Die mangelnde Distanz Marburgs Konservativer zur extremen Rechten
Studentische Brauchtumspflege und die Nähe zwischen Konservativen und der extremen Rechten
Mitte Mai 2020 flossen bei der Burschenschaft Alemannia Marburg in der Oberhessischen Presse öffentlich die Tränen: „Studenten in Marburg genervt von Farbattacken“ war die Überschrift eines von Björn Wisker verfassten Artikels. Kritische Nachfragen waren Fehlanzeige, wodurch sie sich als vorbildliche Demokraten darstellen konnten und ihre eigene Historie, sowie ihr aktuelles Wirken nicht näher öffentlich thematisiert wurde. Die CDU Marburg sprang auf diesen Zug gleich mit auf und stellte sich mal wieder schützend vor die Burschenschaften.
„Ziel dieser Angriffe sind, wie am Beispiel der Alemannia gut zu erkennen ist, Burschenschaften und Studentenverbindungen aller Couleur und Gesinnung. Sie richten sich damit gegen studentisches Brauchtum und studentische Traditionen im Allgemeinen unter dem Vorwand des Kampfes gegen rechts.“ (Jens Seipp in der Pressemitteilung vom 18. Mai 2020 der CDU Marburg)
In diesem Artikel beschäftigen wir uns damit, wie sich die Übergänge von rechts-konservativ zu rechtsradikal in einem Milieu von Burschenschaften und anderen Studierendenverbindungen sowie der CDU fließend gestalten. Wir beziehen uns dabei auf Beispiele mit Bezug zu Marburg.
„Im Wintersemester 1949/50 wurde die Deutsche Burschenschaft, unter starkem Mitwirken der Alemannia, in Marburg wiedergegründet“ heißt es im eigenen Wikipedia-Artikel der Marburger Burschenschaft Alemannia. Und auch wenn sie aus der Deutschen Burschenschaft (DB) ausgetreten sind, organisieren sie sich noch immer im Marburger Waffenring gemeinsam mit Neonazis. Ebenfalls fechten sie Partien mit den Naziburschenschaften der DB und empfingen auch Nicolas Krömer, zu dieser Zeit Mitglied der Germania und der Identitären, auf ihrem Haus. Der Waffenring, in dem das Fechten organisiert wird, ist eine Institution der „studentischen Tradition“, wie die CDU sagen würde. Dort werden Neonazis nicht nur toleriert, sondern sind elementarer Bestandteil der Organisation. Im Marburger Waffenring sind folgende Studentenverbindungen vertreten:
- Burschenschaft Arminia (Neue Deutsche Burschenschaft)

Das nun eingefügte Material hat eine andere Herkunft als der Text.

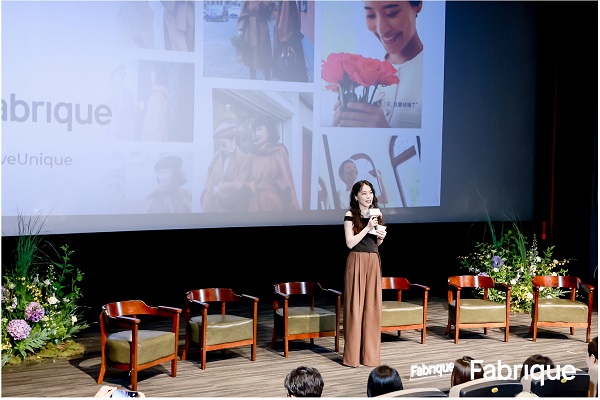 20230927154131gvjem.jpg 3. 主持人王奕芝女士.jpg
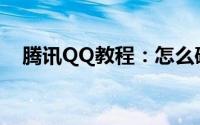 腾讯QQ教程：怎么破解qq空间访问权限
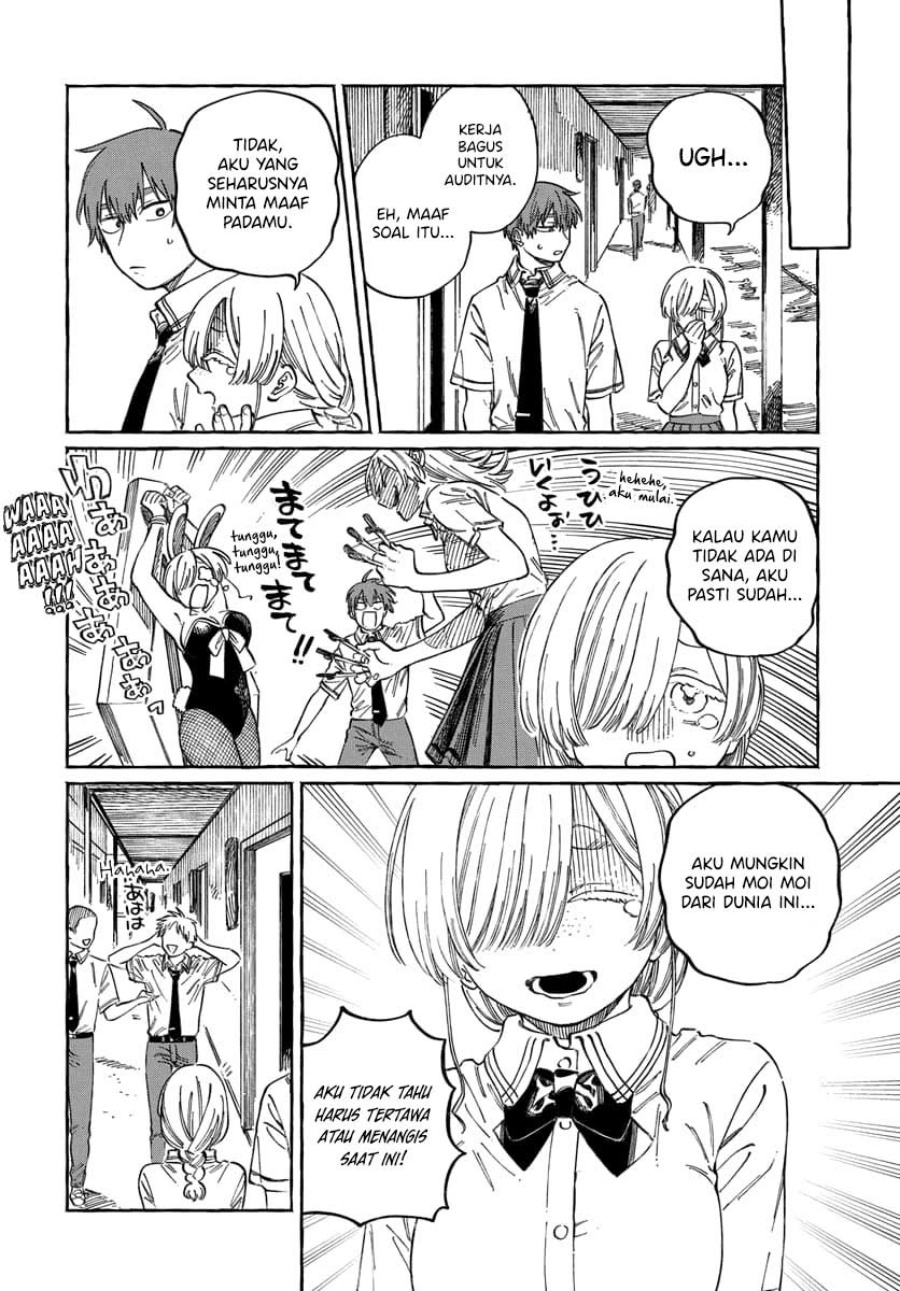 Boku no Suki na Hito ga Suki na Hito chapter 16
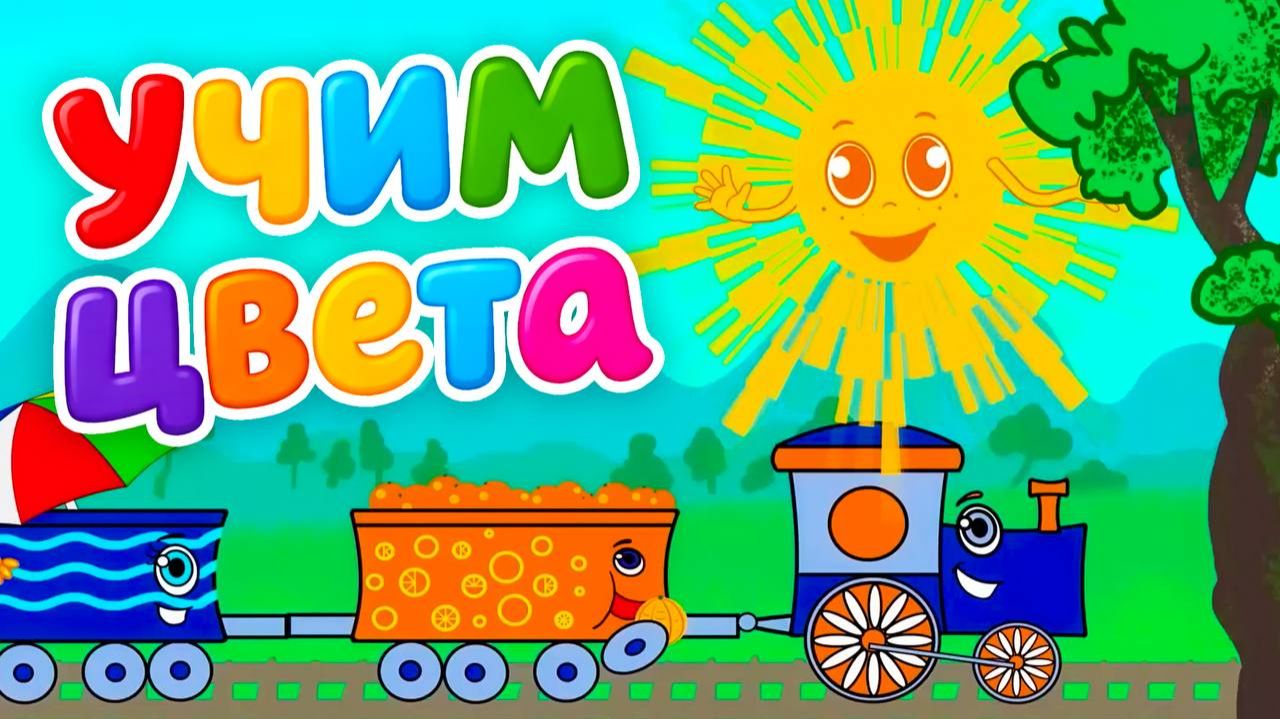 Паровозик Цвета 🌈 Учимся считать до 10 и учим цвета! Мультик для самых маленьких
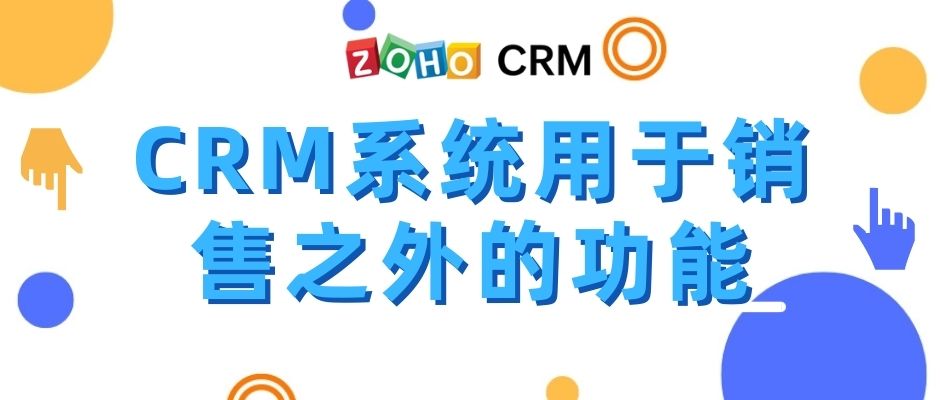 CRM系统用于销售之外的功能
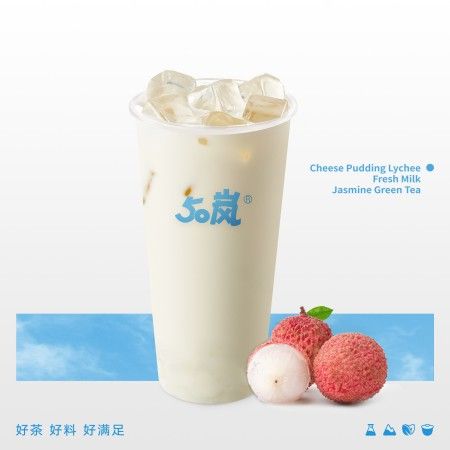 荔枝冰奶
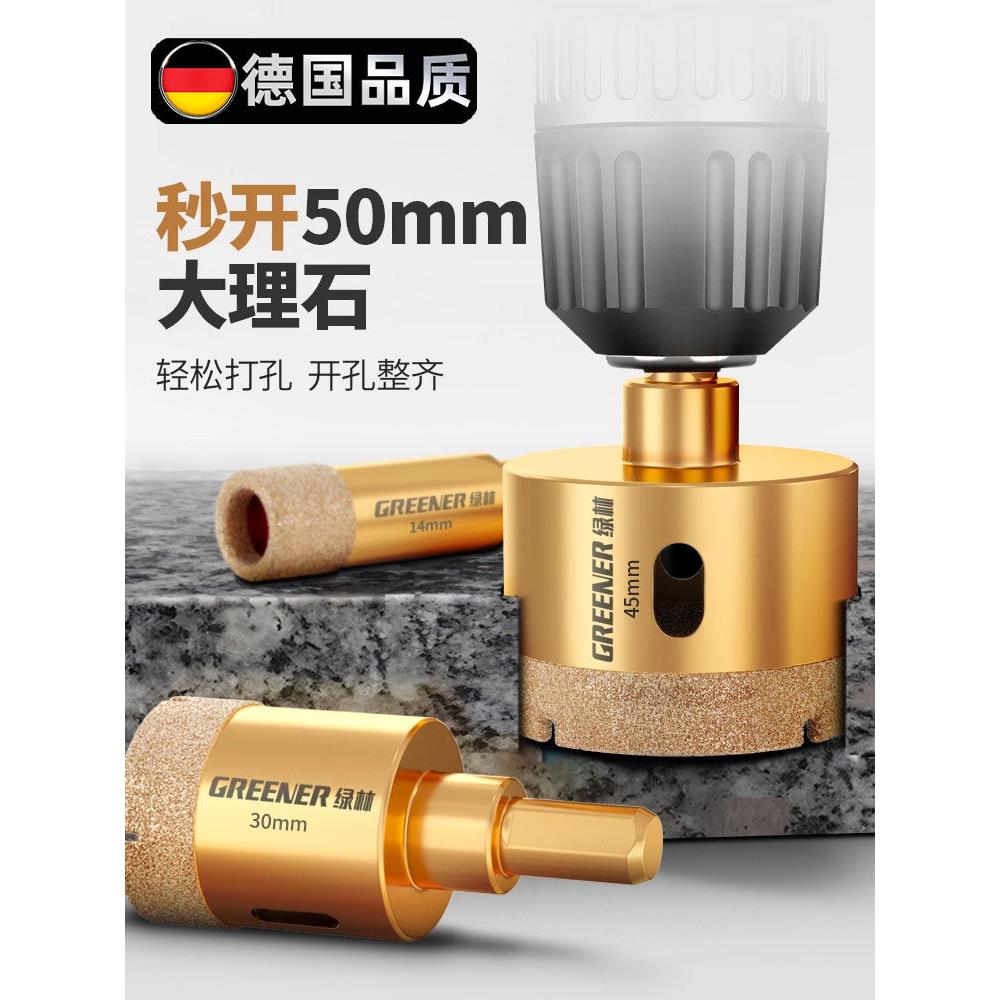 德国瓷砖打孔钻头开孔器玻璃神器大全大理石材专用磁砖干打手电钻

- Landsmannschaft Chattia (Coburger Convent)
- Landsmannschaft Hasso-Guestfalia (Coburger Convent)
- Landsmannschaft Nibelungia (Coburger Convent)
- Turnerschaft Schaumburgia (Coburger Convent)
- Landsmannschaft Hasso-Borussia (Coburger Convent)
- Burschenschaft Germania (Deutsche Burschenschaft)
- Burschenschaft Rheinfranken (Deutsche Burschenschaft)
- Burschenschaft Normannia Leipzig (Deutsche Burschenschaft)
- Burschenschaft Alemannia
- Burschenschaft Teutonia-Germania
- Turnerschaft Philippina-Saxonia
All diesen Verbindungen ist gemein, dass sie Männerbünde sind sowie ein elitäres Selbstverständnis haben. In der Konsequenz bedeutet das auch, dass nur Männer für sie zur Elite gehören. Durch Rituale wie Fechten werden unter anderem Studentenverbindungen zu Charakterschulen, die autoritäre Persönlichkeiten formen. Für eine ausführlichere und allgemeine Kritik an Studierendenverbindungen empfehlen wir euch den Reader „Verbindungen Kappen“ des Asta Marburg.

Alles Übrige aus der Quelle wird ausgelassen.